The last_failure field contains the snapshot name that failed, the timestamp, and a details string with the exception type and reason. Compare last_success and last_failure timestamps - if last_failure is more recent, the policy is currently in a failing state.

For cluster-wide SLM health, use GET _slm/stats:

{
  "retention_runs": 145,
  "retention_failed": 3,
  "retention_timed_out": 0,
  "retention_deletion_time_millis": 58923,
  "total_snapshots_taken": 412,
  "total_snapshots_failed": 18,
  "total_snapshots_deleted": 267,
  "total_snapshot_deletion_failures": 5,
  "policy_stats": [
    {
      "policy": "nightly-backup",
      "snapshots_taken": 350,
      "snapshots_failed": 12,
      "snapshots_deleted": 230,
      "snapshot_deletion_failures": 3
    }
  ]
}

This endpoint gives you aggregate failure counts across all policies and per-policy breakdowns. A high snapshots_failed count relative to snapshots_taken signals a systematic problem. Rising snapshot_deletion_failures means retention is struggling.

Elasticsearch also writes SLM execution history to the .slm-history-* indices. These indices use ILM for their own lifecycle. You can search them directly for historical failure patterns:

GET .slm-history-*/_search
{
  "query": { "match": { "success": false } },
  "sort": [{ "@timestamp": "desc" }],
  "size": 10
}

Retention Configuration Pitfalls

Retention has two schedules that operators frequently confuse. The schedule field inside an SLM policy controls when snapshots are created. The slm.retention_schedule cluster setting controls when the retention cleanup task runs across all policies. These are independent.

PUT _cluster/settings
{
  "persistent": {
    "slm.retention_schedule": "0 30 1 * * ?"
  }
}

By default, slm.retention_schedule runs daily at 1:30 AM. If you need more frequent cleanup - for example, on clusters generating many snapshots per day - adjust this setting. The retention task evaluates all SLM policies in a single pass.

The min_count parameter overrides expire_after. If min_count is set to 5 and only 5 snapshots exist, none will be deleted even if all are older than expire_after. This is by design to prevent a cluster from having zero backups, but it surprises operators who expect expired snapshots to always be removed.

The max_count parameter is only enforced when the retention task runs successfully. If retention consistently fails (due to concurrent snapshots blocking deletion, or repository issues), snapshot count grows unbounded. Monitor repository disk usage separately from SLM retention - do not assume max_count acts as a hard cap under all conditions.
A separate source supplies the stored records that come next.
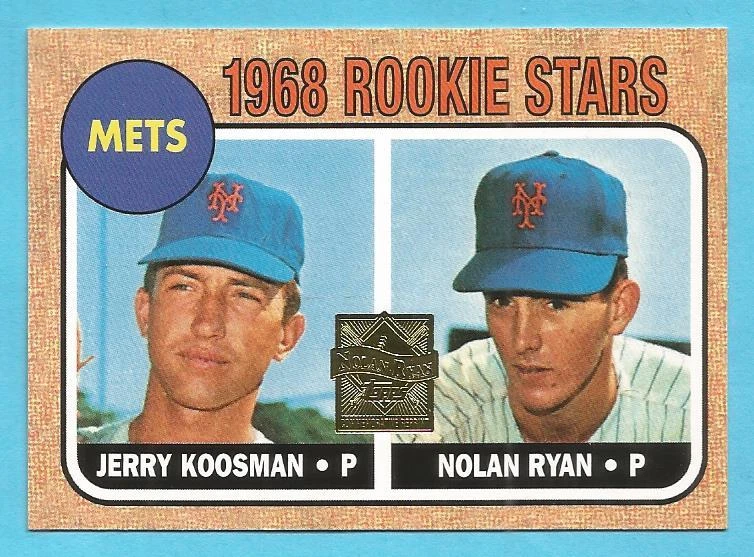 NOLAN RYAN Singles, Inserts, & Parallels (with Pictures) / You Pick The Cards  - Image 1 of 1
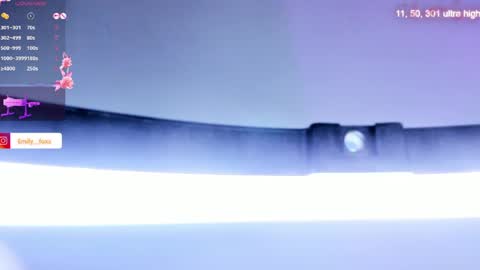 Emily online show from April 24, 12:30 pm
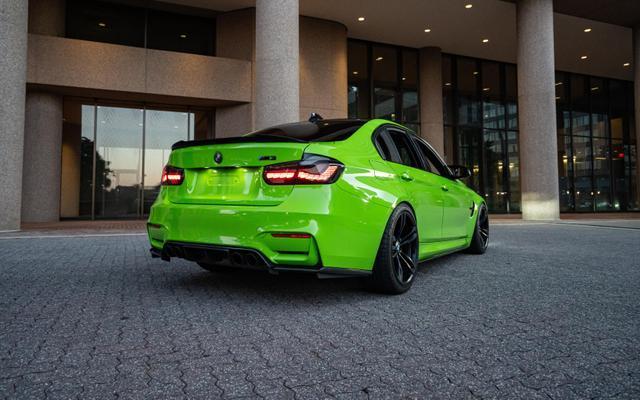 2016 bmw m3 base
Retention rules apply only to snapshots created by that specific SLM policy. Manual snapshots and snapshots from other policies are invisible to retention. An operator taking manual snapshots to the same repository should understand those will accumulate unless manually deleted.
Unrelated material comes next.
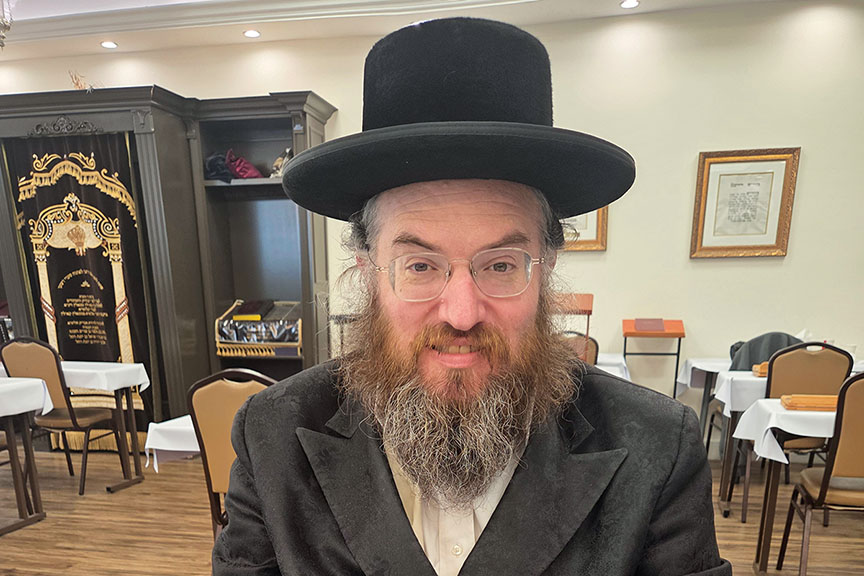 Rabbis of LA | Rabbi Sochet Was Born to Be a Rabbi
SLM vs Manual Snapshot Management

SLM eliminates the need for external schedulers (cron jobs, orchestration tools) to manage snapshot creation. It handles naming, scheduling, and cleanup in a single configuration. For most production clusters, SLM is the better choice because it runs within the cluster and has access to internal state about ongoing operations.

Manual snapshot management still has a role. Operators who need pre-upgrade snapshots, snapshots before schema migrations, or snapshots coordinated with external systems may prefer explicit API calls. Manual snapshots also give full control over the partial parameter, which lets you choose whether a snapshot should proceed when some shards are unavailable.
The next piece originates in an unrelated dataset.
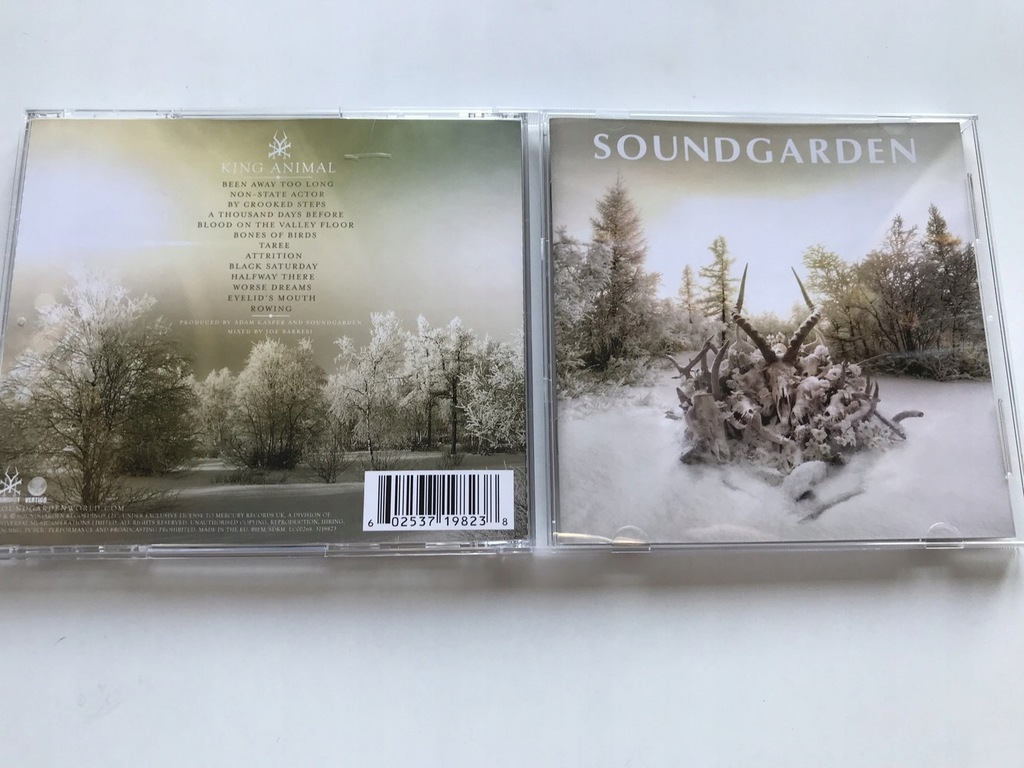 CD Soundgarden King Animal NOWA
The trade-off: SLM reduces operational burden at the cost of flexibility. If SLM policies fail silently and nobody monitors _slm/stats or the .slm-history-* indices, the cluster may go without valid backups. Pair SLM with alerting on total_snapshots_failed and retention_failed counters to close this gap. The Elasticsearch health API includes an slm indicator that turns yellow after repeated consecutive failures, controlled by the slm.health.failed_snapshot_warn_threshold setting (default: 5).